## What is required
Leave the pictures out. Retype exactly the lines below from the one containing "Anteprima del volantino" through the one containing "Everfit Set of", and no others.

################

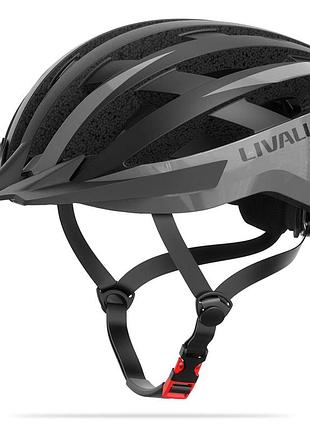 Захисний шолом livall mt1 neo (m) black grey (54-58см), акустика, мікрофон, сигнали поворотів та стопів,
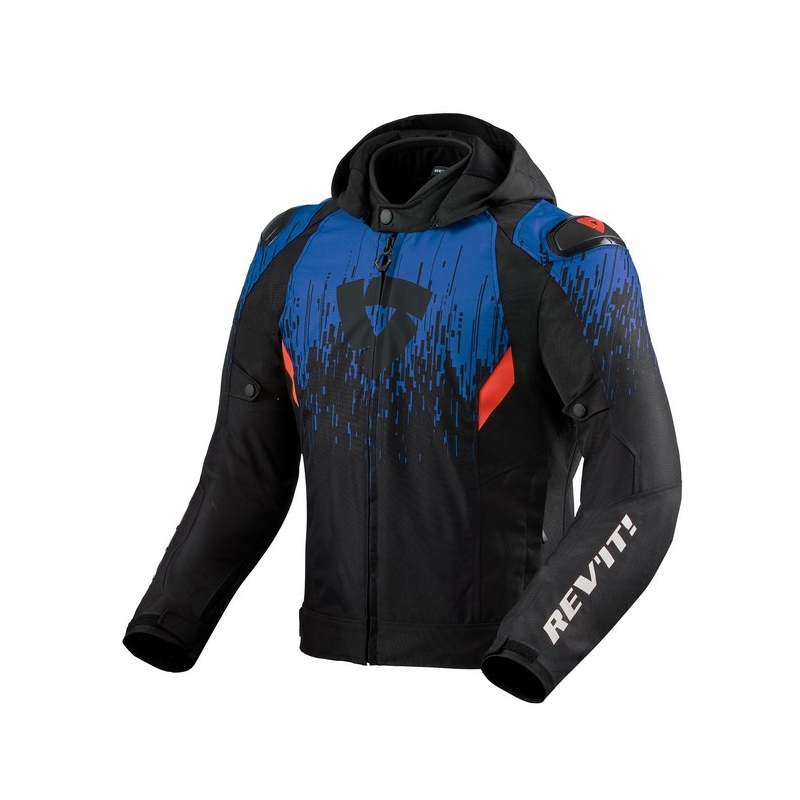 Motorradjacke Revit Quantum 2 H2O schwarz-blau Ausverkauf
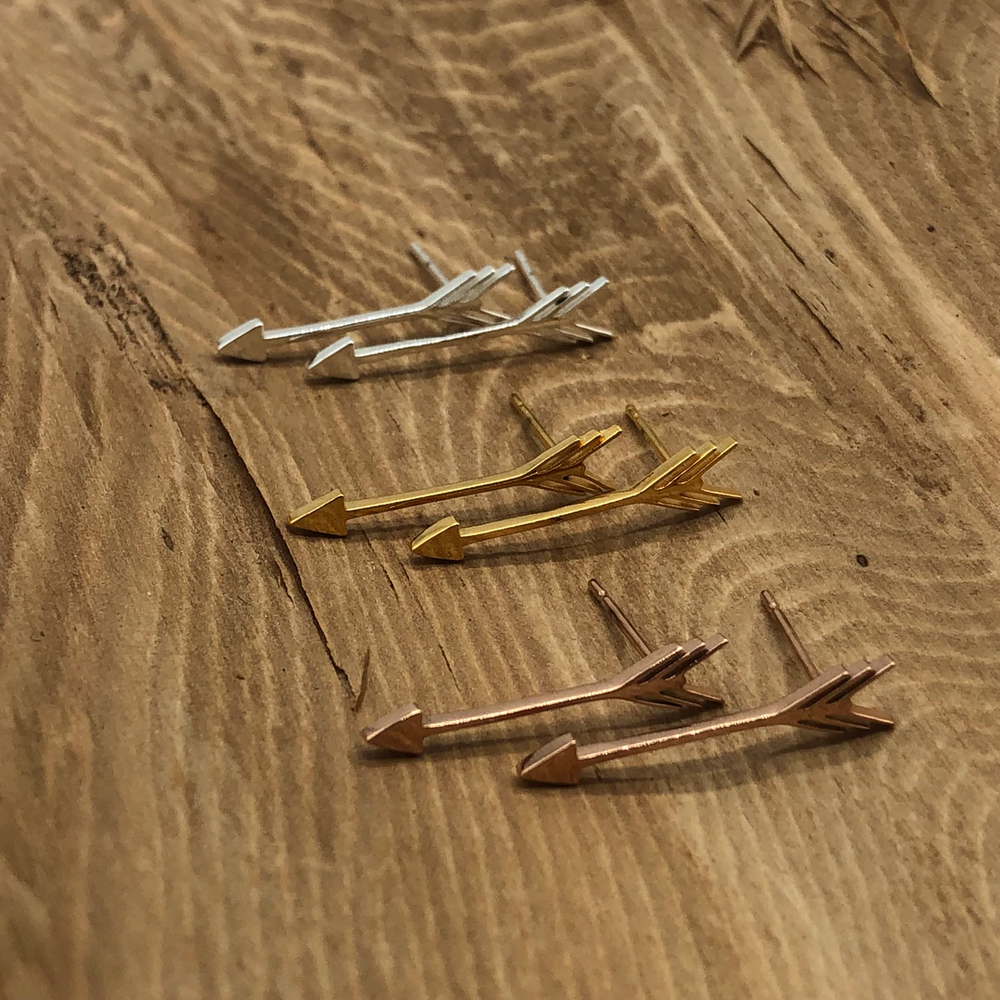 Flint & Feather - Arrow Earrings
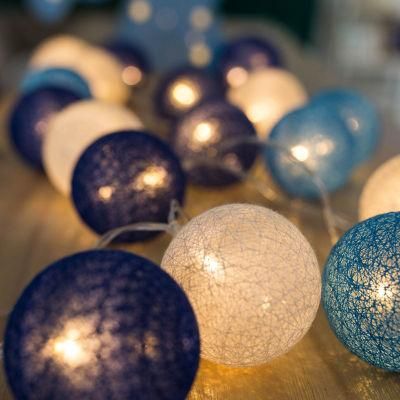 LED Rattan Ball Cotton Thread Ball String Lamp String for Festival Atmosphere Decoration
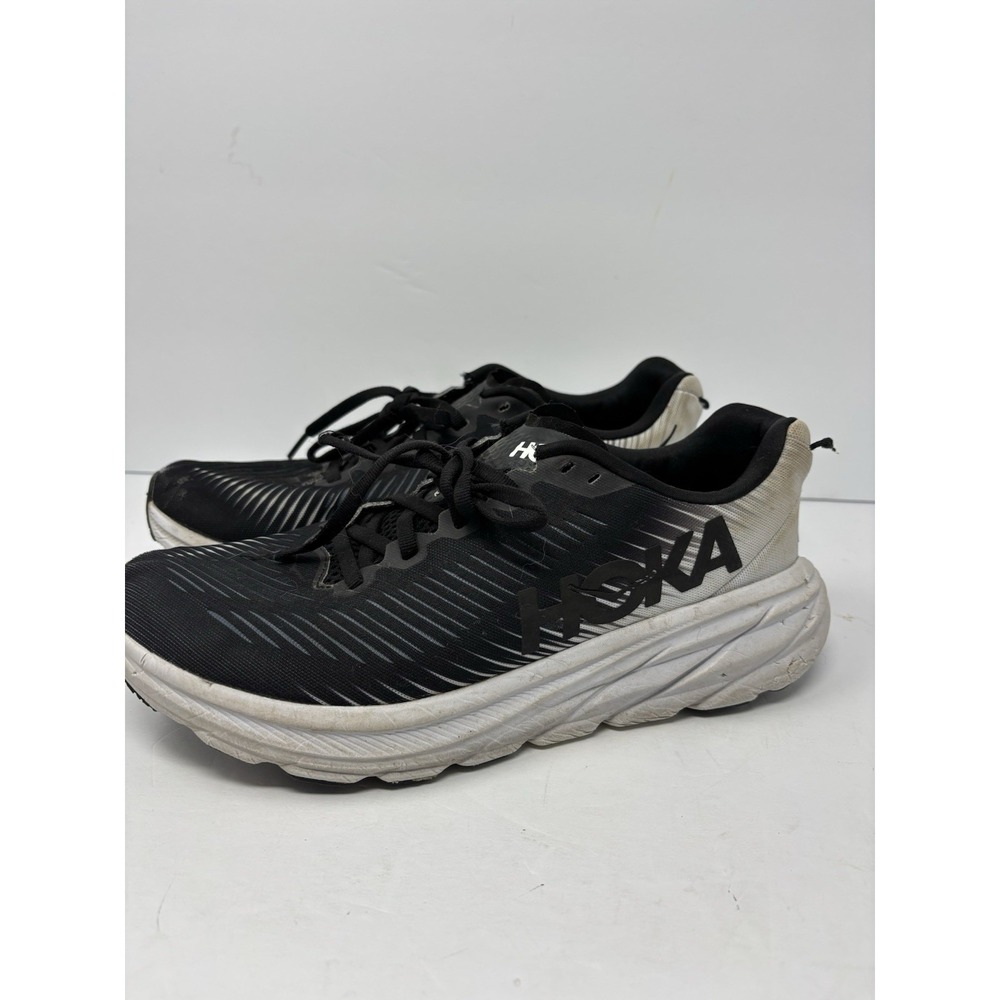 Hoka One One Rincon 3 Running Shoes Womens 9.5B Black Road Cushioned Sneakers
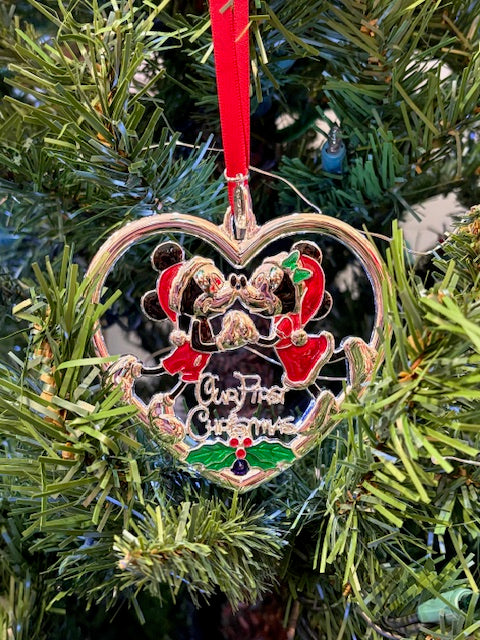 2025 Our 1st Mickey & Minnie Ornament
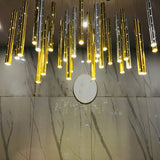 Gold Chandelier - Cool White Light Option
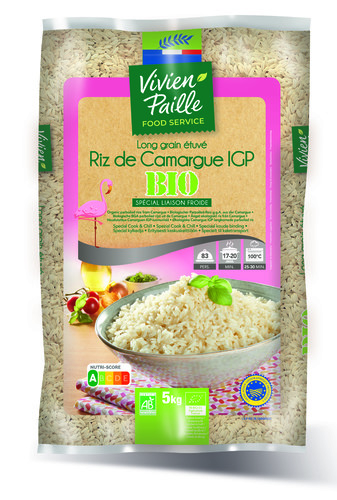 Riz long étuvé de camargue igp bio 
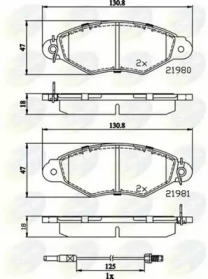 Комплект тормозных колодок (COMLINE: CBP2485)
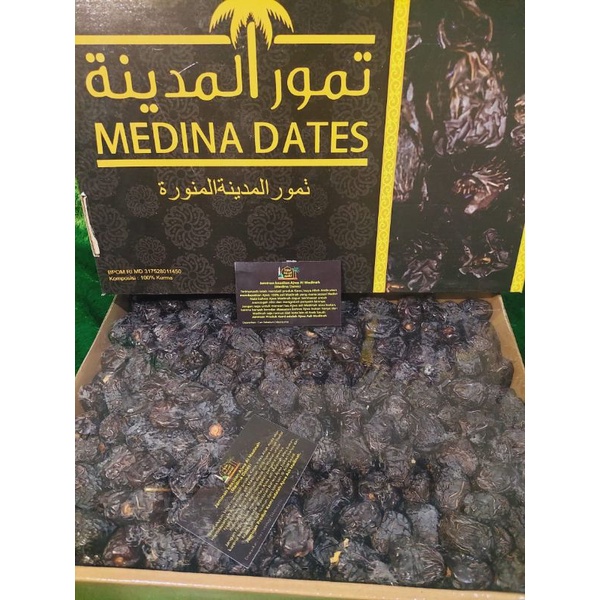 Kurma Ajwa Al Madinah 5Kg BPOM Super Premium FRESH 2023 Asli Murah Grosir Jakarta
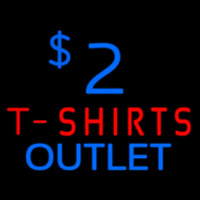 2 T Shirt Outlet Neon Skilt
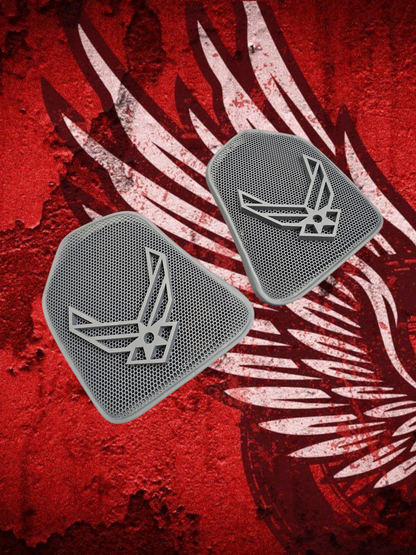 19 to 25+ Indian Challenger Air Force themed inner speaker grills set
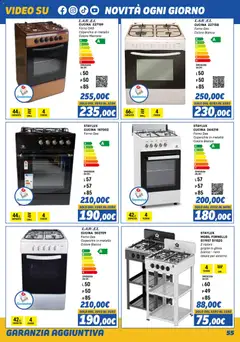 Anteprima del volantino Orizzonte Elettrodomestici catalogo valido a partire dal 01.11.2025 | Pagina: 55 | Prodotti: Video, Forno, Fornello
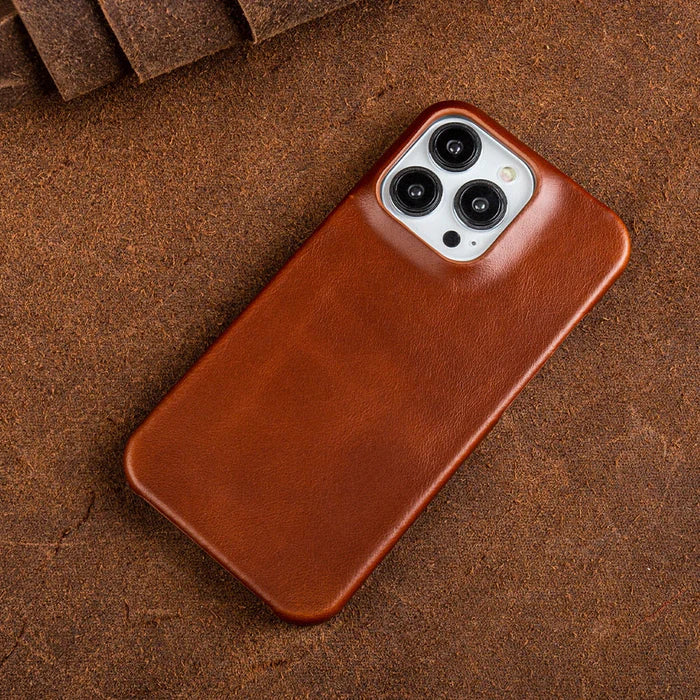 Magsafe Wireless Magnetic Leather Phone Case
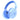 iClever BTH20 kids headphones in light blue with a two-tone blue finish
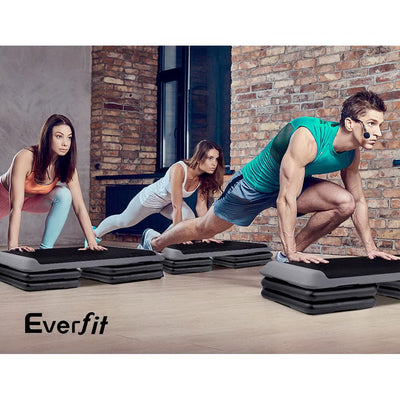 Everfit Set of 2 Aerobic Step Risers Exercise Stepper Block Fitness Gym Workout Bench Payday Deals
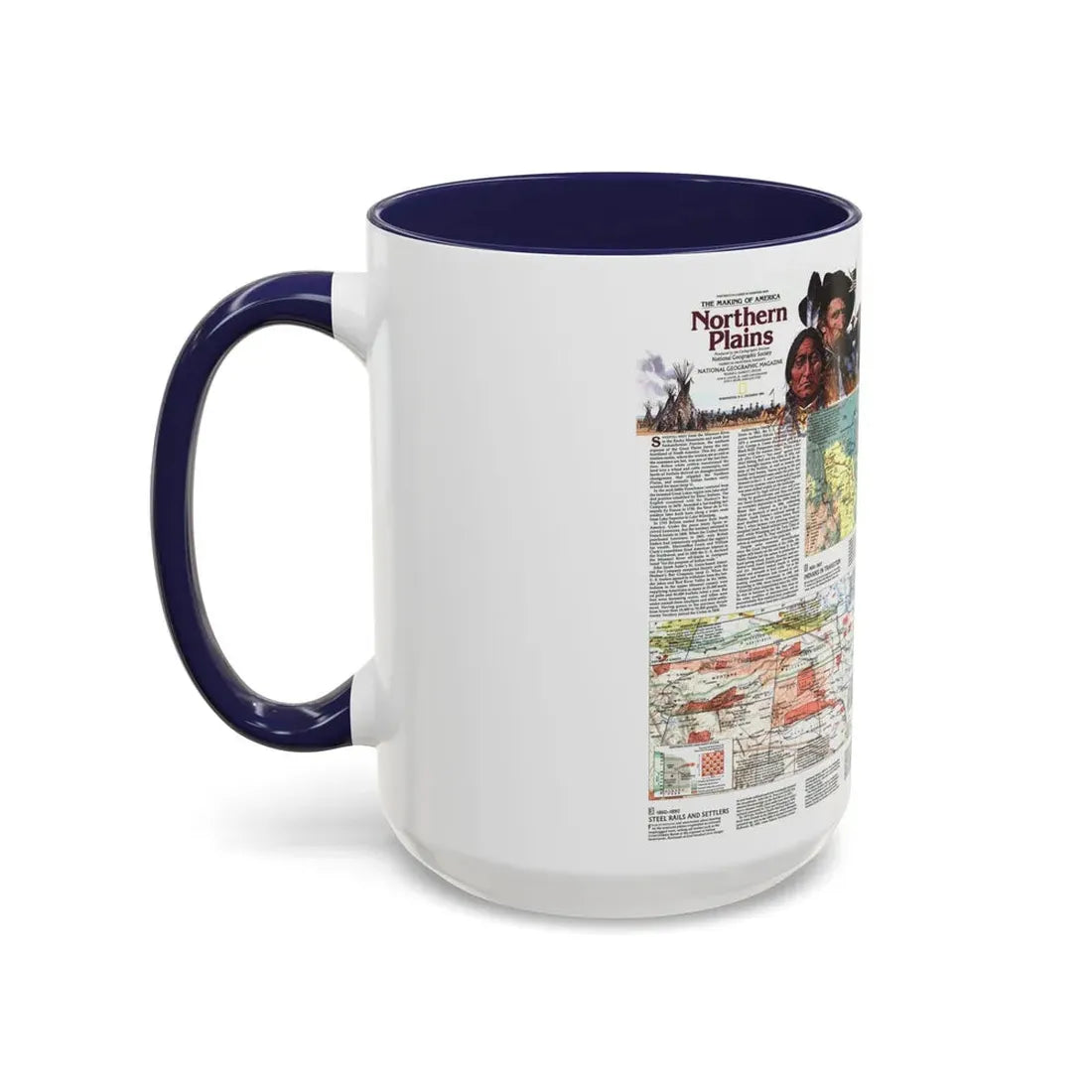 USA - Northern Plains 2 (1986) (Map) Accent Coffee Mug - Go Mug Yourself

################

## Solved exercise
 Anteprima del volantino Orizzonte Elettrodomestici catalogo valido a partire dal 01.11.2025 | Pagina: 55 | Prodotti: Video, Forno, Fornello
 Magsafe Wireless Magnetic Leather Phone Case
 iClever BTH20 kids headphones in light blue with a two-tone blue finish
 Everfit Set of 2 Aerobic Step Risers Exercise Stepper Block Fitness Gym Workout Bench Payday Deals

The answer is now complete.